2015-11-02 22:24:00 | 八ッ場ダム問題
■引き続き1日目の公聴会が続きます。

【議長】 次は、渡辺洋子さんから公述をしていただきます。渡辺さんは壇上に上がり、公述人席に着いてください。また、公述人からは起業者への質問の希望がありますので、国土交通省関東地方整備局の方も壇上に上がり、起業者席に着いてください。
          (公述人・起業者登壇)
【議長】 準備はよろしいですか。
【公述人(渡辺)】 はい。
【議長】 大丈夫ですか。起業者側、いいですね。現在の時刻は5時23分です。ただいまから公述を開始し、30分間で終了するようお願いいたします。また、終了の10分前、5分前、1分前に呼び鈴で合図をするとともに表示によりお知らせしますので、目安にしてください。また、終了時間までに終了しない場合には公述の中止を命ずることとなります。プロジェクターを使用しますので、少し照明を落とします。
【公述人(渡辺)】 渡辺洋子と申します。
【議長】 開始してください。
【公述人(渡辺)】 よろしくお願いします。
 八ッ場ダム建設工事は、土地収用法第20条が定める、ダム建設により失われる利益はるかに上回る公益性があるとは到底認められません。したがいまして、事業認定に反対する意見を述べさせていただきます。
 構想発表から63年目となる八ッ場ダム事業は、破壊された水没予定地住民の生活を再建するために、現地再建ずり上がり方式を掲げたものの、机上の代替地計画は地形・地質に大変無理があり、これまでに4分の3以上の世帯が流出しました。何世代にもわたる住民の方々の犠牲は計り知れないものがあります。

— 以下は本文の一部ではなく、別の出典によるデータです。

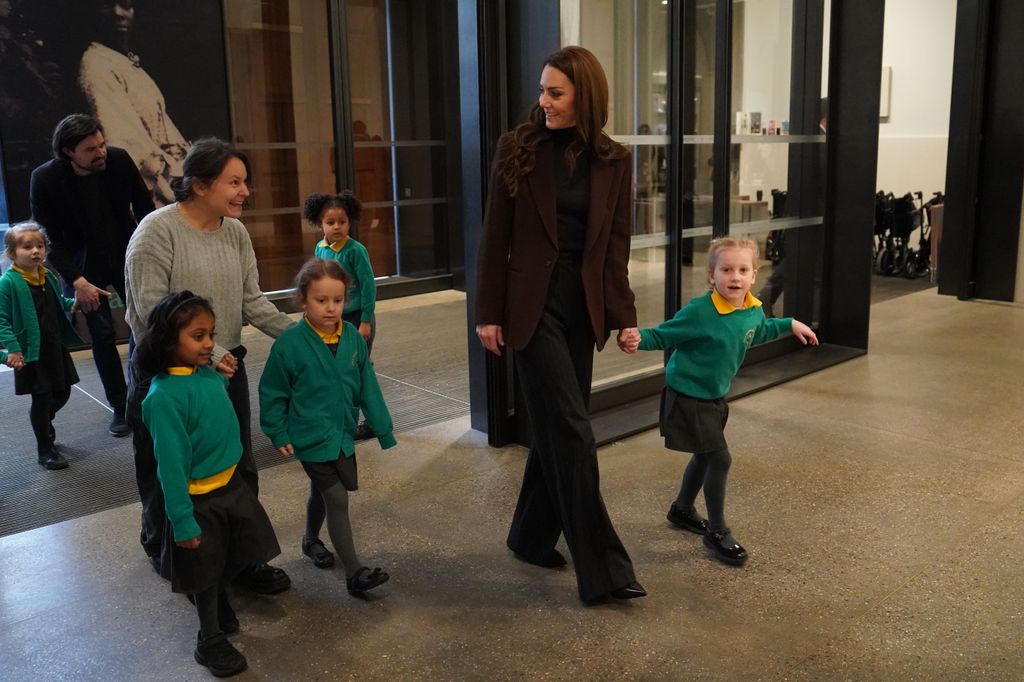 princess kate walking into gallery with group of school children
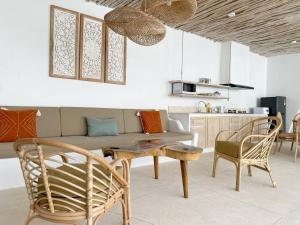 a living room with a couch and a table and chairs at Villa Sei Uluwatu by LODGELINK BALI in Uluwatu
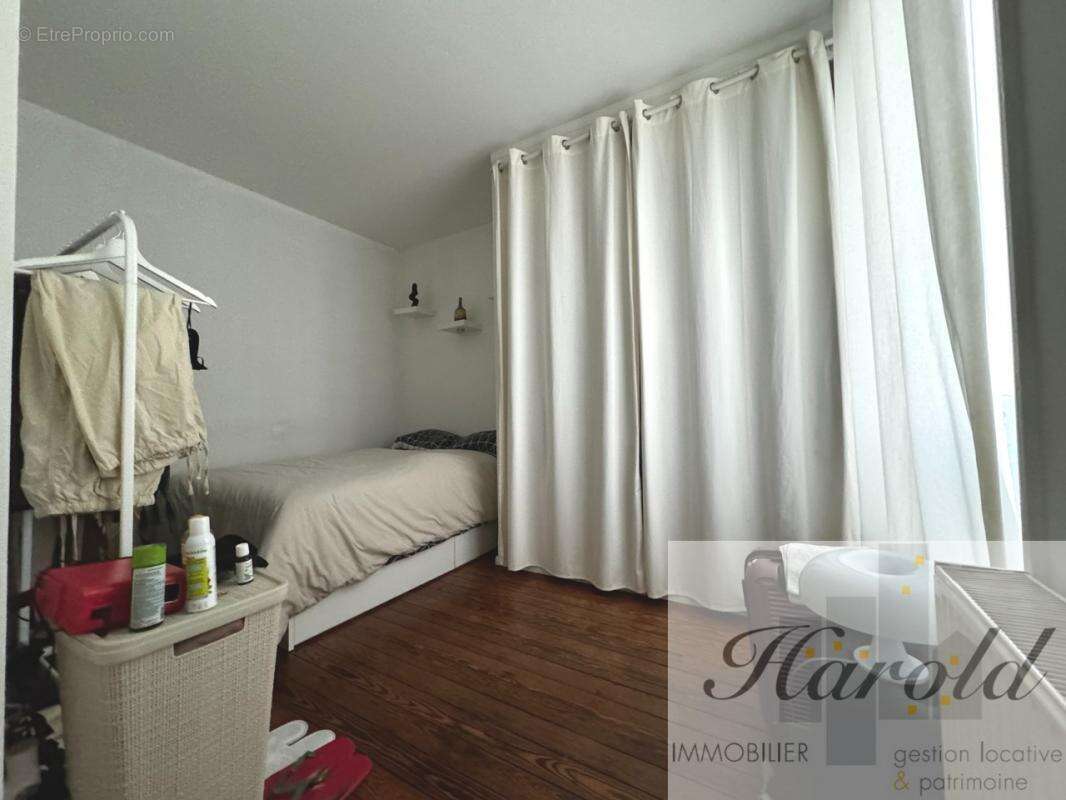 titre - Appartement à PARIS-15E
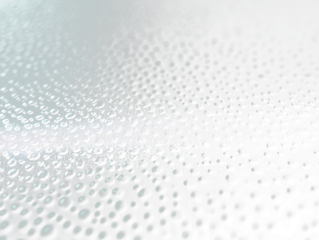 Close-up of water droplets on a dark surface.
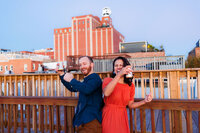 A couple dancing while standing on a rooftop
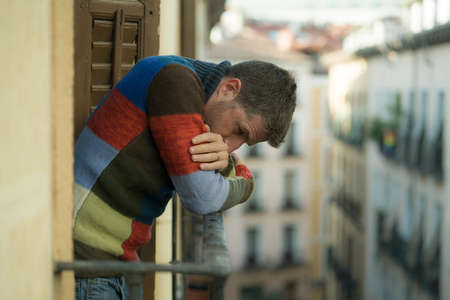 urban lifestyle emotional portrait of young attractive and depressed man at home balcony leaning...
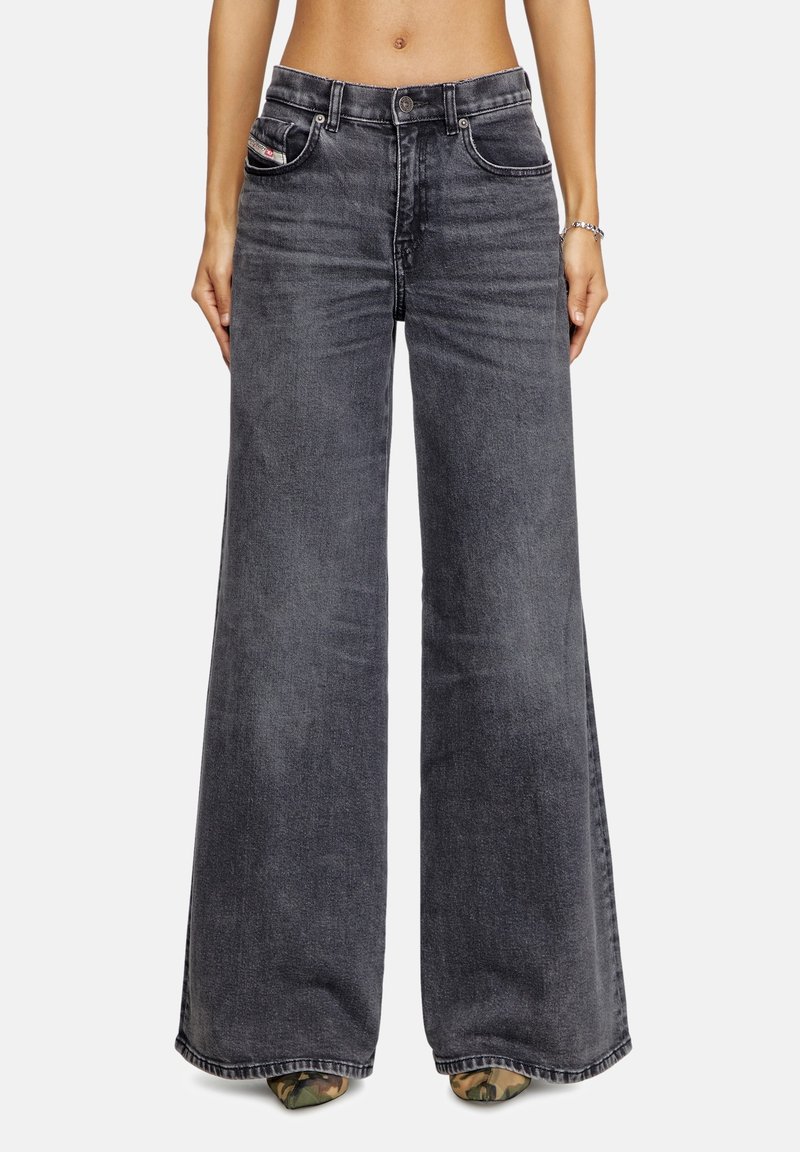 Dark gray wide-leg jeans made of denim, featuring a high waist, five-pocket design, and stitch accents along the seams.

 八ッ場ダムは国の名勝吾妻渓谷をダム本体建設地とし、渓谷上流部と天然記念物川原湯岩脈、自然湧出の川原湯温泉の源泉などを沈めます。急峻な岸壁と自然林が織りなす景観と山懐の出湯は、多くの観光客、数多くの文人を魅了し、心身ともに癒やしてきました。ダム予定地には、鳥類の生態系の頂点に位置するクマタカ、自生地が大変少ないカザグルマなど、絶滅が危惧される多くの動植物が生息しています。かけがえのない自然の宝庫をダムに沈めることは、今この場にいることができない後の世代の人々に、取り返しのつかない大きな損失を与えます。
 また、水没予定地は、江戸時代の浅間山大噴火によって発生した天明泥流が覆った土地であり、全域が遺跡であると言っても過言ではありません。同地で出土しつつある、おびただしい天明浅間災害遺跡は未曽有の災害に遭遇した当時の村人の生活や復興の軌跡をまざまざとよみがえらせる貴重な歴史遺産です。天明泥流の下からは、中世から縄文各期にわたる遺跡が出土しています。考古学者を含む300名以上の文化人が、八ッ場ダムによる自然と文化の破壊を憂い、ダム予定地の自然の保全とともに、これら遺跡を保存する必要性を訴えています。

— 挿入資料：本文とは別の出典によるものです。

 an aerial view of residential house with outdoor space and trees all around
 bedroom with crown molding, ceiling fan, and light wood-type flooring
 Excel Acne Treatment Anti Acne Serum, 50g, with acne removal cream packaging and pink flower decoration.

 一方、八ッ場ダムの建設目的を見ると、先ほど利根川の洪水調節というお話がありましたが、赤城山の山麓での災害、犠牲は、利根川の洪水調節によって防げるものではありません。あれは戦争中の乱伐による土石流の発生によるもので、八ッ場ダムとは全く関係がありません。第2の目的は都市用水の供給ですが、関東地方では水需要が年々減少し、人口減少時代を迎えている今、新たな水源開発の必要性は皆無です。群馬県では、八ッ場ダム事業によって、豊富で水質のよい地下水を水道用水に使う割合を減らされ、百害あって一利なしと言えます。第3、第4の目的もありますが、次に公述をされる方々が詳しく説明されると思いますので省きます。
 このように、いずれの目的も理にかなっているとは到底言えず、住民を強制的に故郷から立ち退かせる理由にはなり得ないと考えます。不要なダム建設の見直しと、住民の真の生活再建、地域再建こそ、公共事業が果たすべき急務だと考えます。

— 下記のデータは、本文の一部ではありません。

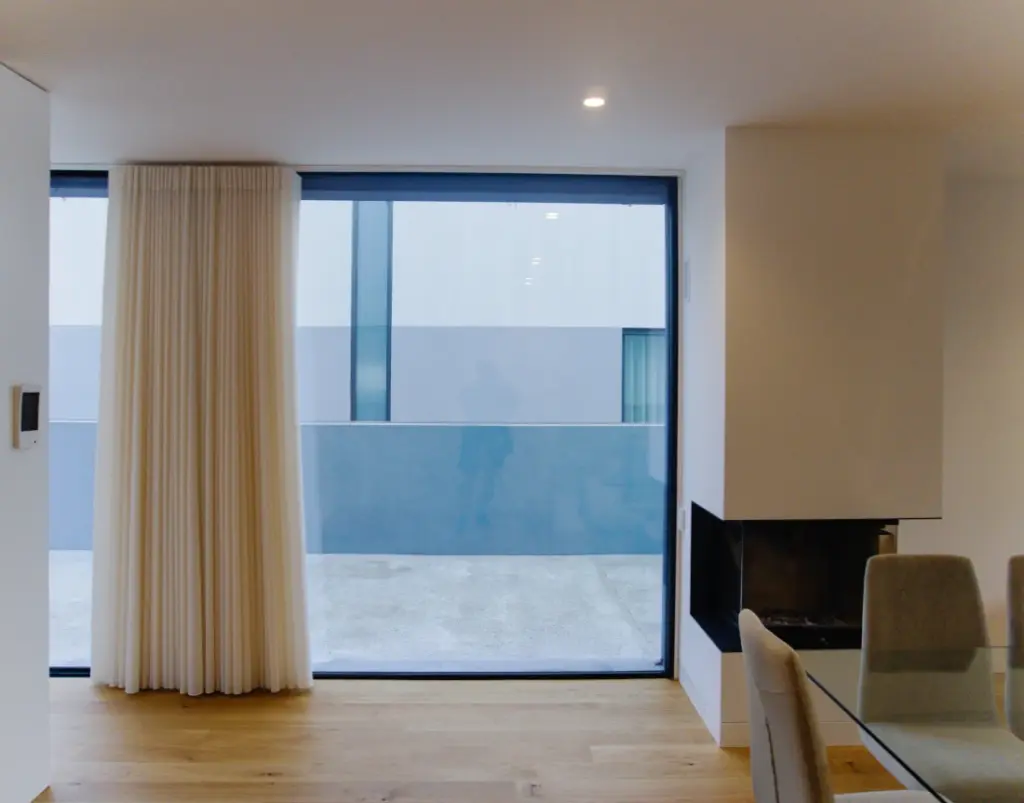 A window with curtains in the dining area, next to the fireplace near the table.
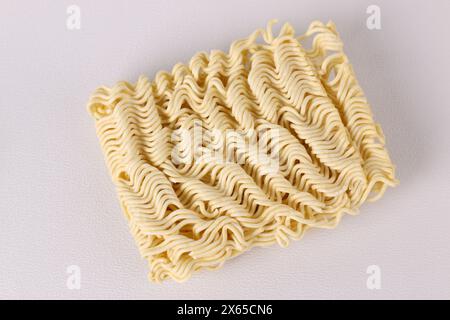 Ramen di tagliatelle istantanee crude asciutte con sfondo bianco. Cibo malsano. Foto Stock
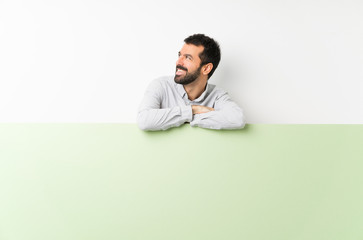 Young handsome man with beard holding a big green empty placard happy and smiling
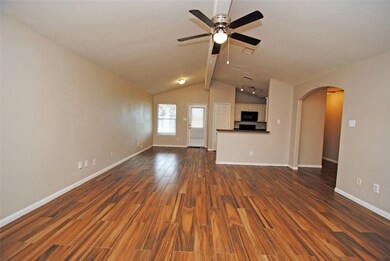 This spacious living area features warm wood like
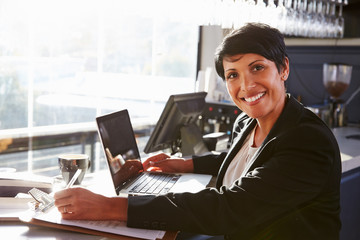 Female restaurant manager working at counter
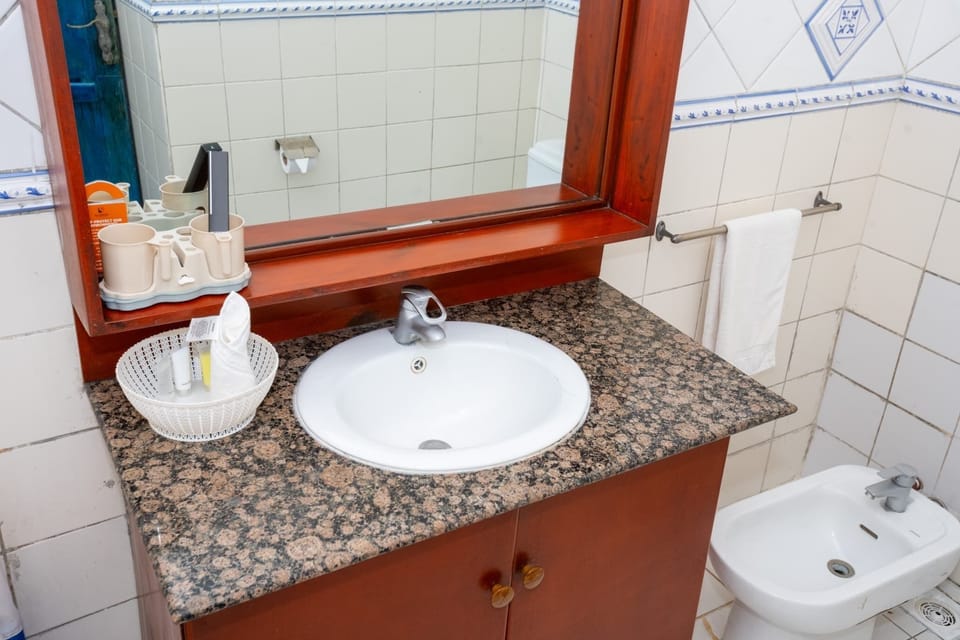 Deluxe Double Room Single Use, 1 Bedroom, Balcony, Partial Ocean View | Bathroom | Shower, hair dryer, towels, soap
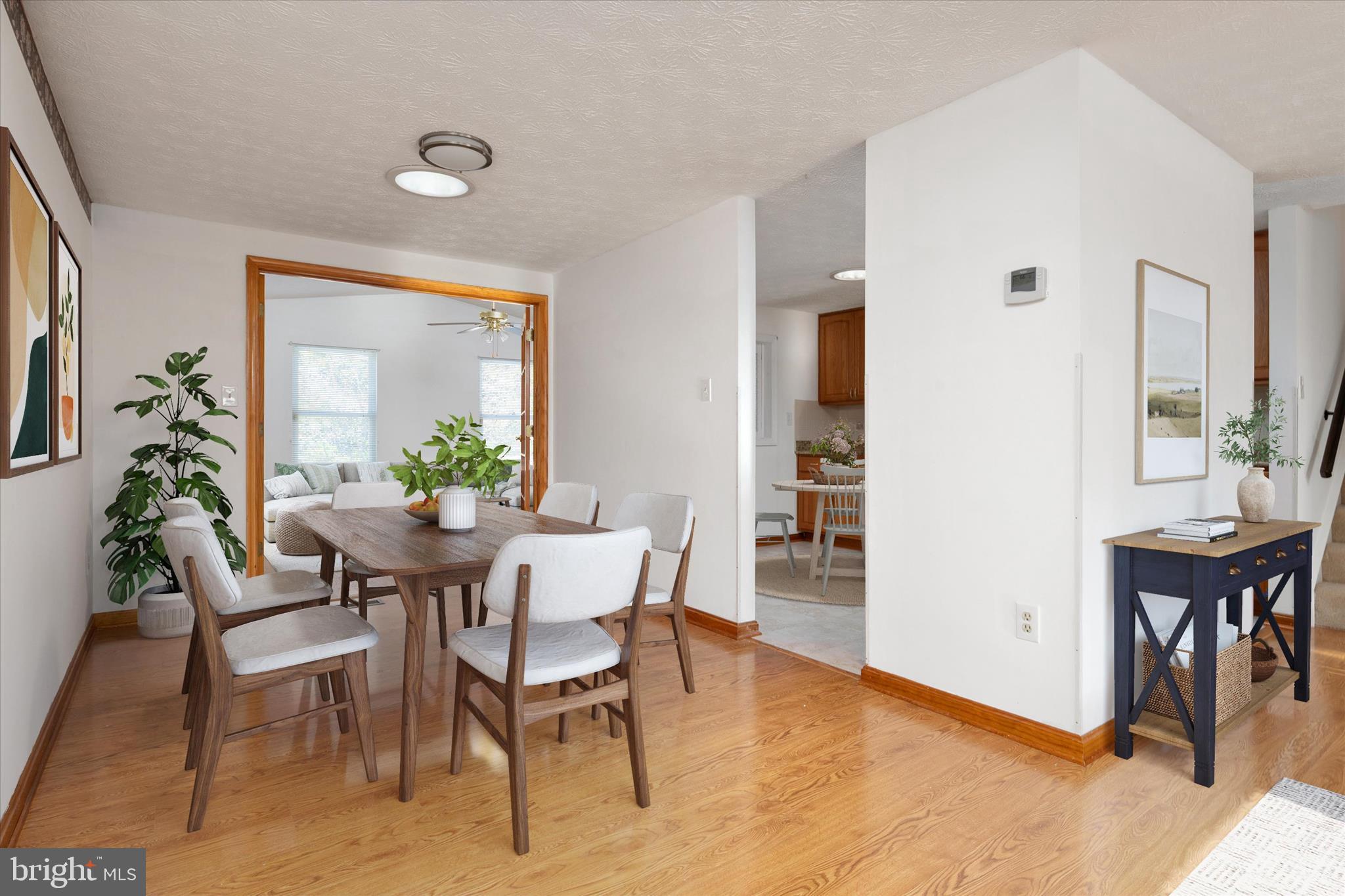 226 Compass Road Baltimore, MD 21221 - Photo 9 of 35 a view of a dining room with furniture and a potted plant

 では、関東地方整備局、起業者の方々に質問させていただきます。第1の質問は、今回の事業認定にかかわるものです。この事業認定の当事者は、今も水没予定地に住まわれている方々だと思います。4月10日に行われた事業認定の申請、その後の公告・縦覧について、いつどのような形で、当事者である水没予定地住民と水没関係5地区住民に告知したのでしょうか。
【議長】 では今の質問について、起業者側、お答えください。
【起業者(土屋)】 事業認定の申請につきましては、申請日に記者発表を行っており、当事務所のホームページでも公表しております。以上です。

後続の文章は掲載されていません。